Trusts' widespread difficulty in balancing their books meant the £767m deficit incurred by the 65 trusts more than wiped out the £660m surplus generated by the other 184 providers of care. The resulting £107m gap was the first time the hospital sector as a whole had ended the year in the red since 2005-06 – which, ominously, was the last time the NHS experienced large-scale financial difficulties.

Meeting "the fiscal challenge of reconciling rising demand within finite resources" had been a priority, as had dealing with the escalating demand for care caused by the growing number of older people and also public expectations of receiving high-quality care as well as new treatments, the department said. That includes surgery and expensive drugs.

Andy Burnham, the shadow health secretary, blamed the coalition's unpopular NHS shake-up of the NHS last year.

He said: "Everywhere you look, there are signs of an NHS now heading rapidly in the wrong direction. David Cameron chose the worst possible moment to pull the rug from under the NHS with a huge reorganisation that nobody wanted.
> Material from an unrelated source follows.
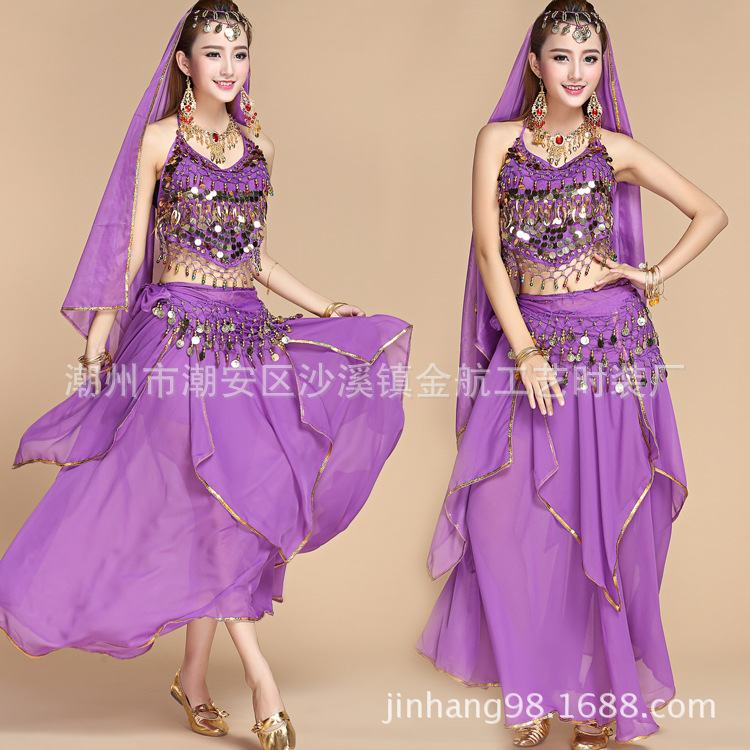 低价肚皮舞练习套装民族舞服饰印度舞舞蹈服小辣椒套装裙夏女|msdalam kategori Butik wanita / wanita, pakaian - dari Buy2taobao.com untuk memberikan perkhidmatan ejen Taobao profesional membeli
It has thrown NHS finances off course – trusts are increasingly struggling to keep their heads above water."

Anita Charlesworth, chief economist at the Health Foundation thinktank, said NHS spending had risen 2.6% in real terms year on year because "acute hospitals in the NHS are finding it incredibly hard to manage their activity pressures".

That extra spending, though, showed that the coalition was "over-delivering" on its promise to give the NHS above-inflation budget increases throughout this parliament, she added.

The accounts gave no breakdown of the £10bn to non-NHS providers, which in some cases will include charities such as Turning Point, which provides some drugs, alcohol and mental health services.

"People will question how David Cameron has been able to find more money and contracts for the private sector at a time when NHS services are struggling and being cut back," added Burnham.

A department spokeswoman said: "By taking difficult financial decisions, this government has protected the NHS budget and continued to increase it in real terms with spending on the NHS increasing by £12.7bn during this parliament. The key thing is that patients get the best possible care, free at the point of use, no matter who provides it, which is why NHS competition rules haven't changed under this government."